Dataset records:
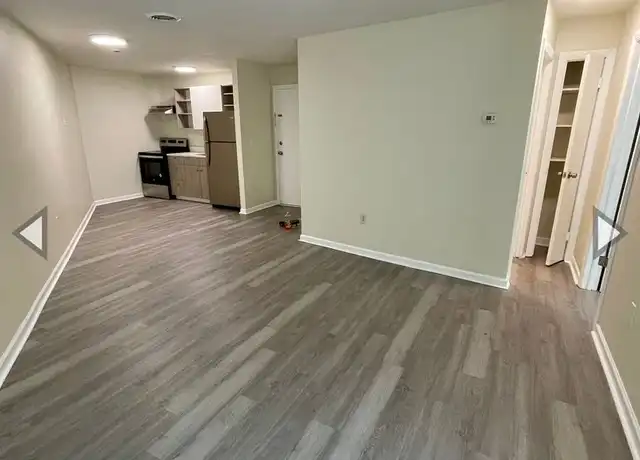 Property at 27 Pleasant St, East Windsor, CT, 06088, 1 bed, 1 bath, [object Object]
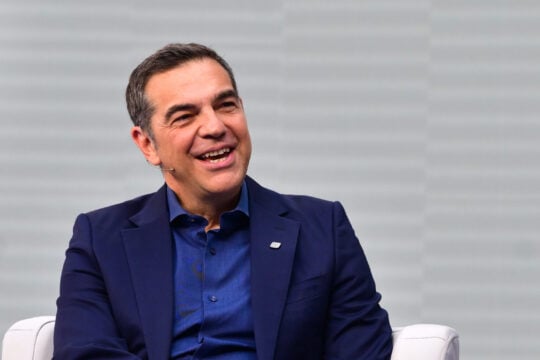 Απάντηση Τσίπρα σε Μητσοτάκη για τα… διπλώματα: «Εκείνος δεν θα μπορούσε να οδηγεί ούτε πατίνι»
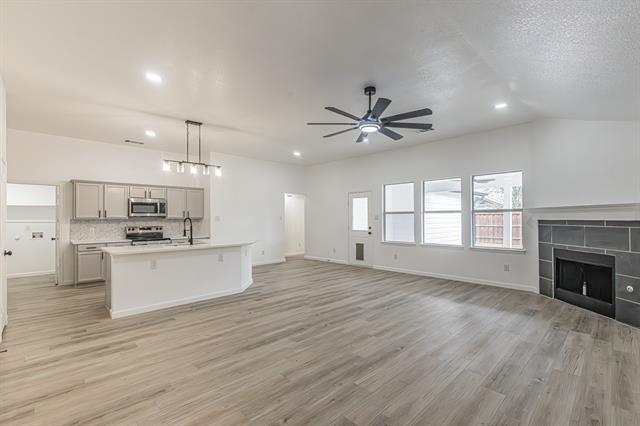 Building Photo - 1505 Kittyhawk Dr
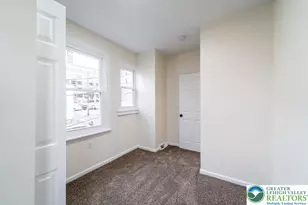 20 W Raspberry St, Bethlehem City, PA 18018 - Photo 25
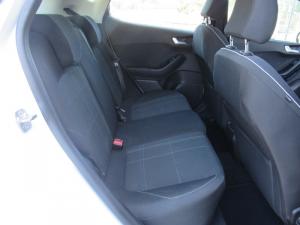 Ford Fiesta 1.0 Ecoboost Trend 5-Door automatic - Image 11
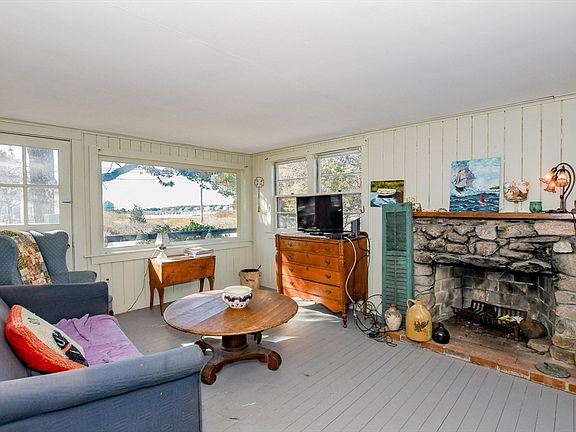 3rd image of 18 Ormond Dr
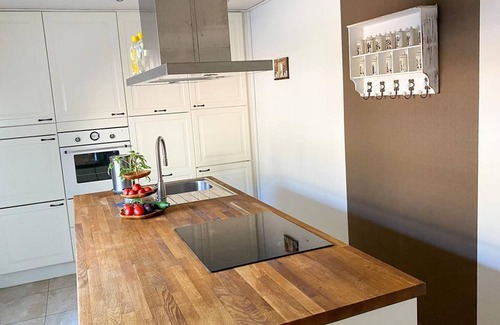 Haurup Apartment | Ferienwohnung Hilde - Appartement/fewo, Dusche, WC, 2 Schlafräume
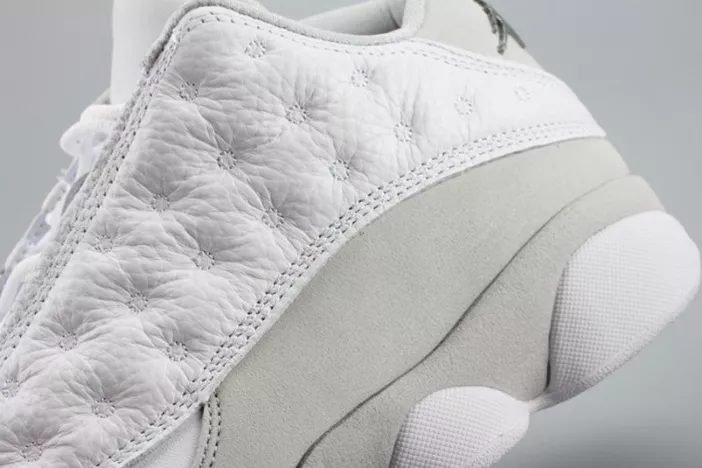 Elegant 9097 Jordan 13 Retro Low Pure Platinum 310810- 818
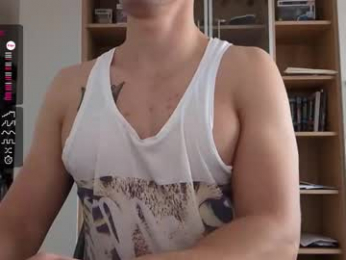 patii132 webcam model stream image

Task to complete: Lines from the one containing "Elegant 9097 Jordan" through the end of the entries above, both included, are to be written out exactly; no pictures and no other lines.

Answer box:
 Elegant 9097 Jordan 13 Retro Low Pure Platinum 310810- 818
 patii132 webcam model stream image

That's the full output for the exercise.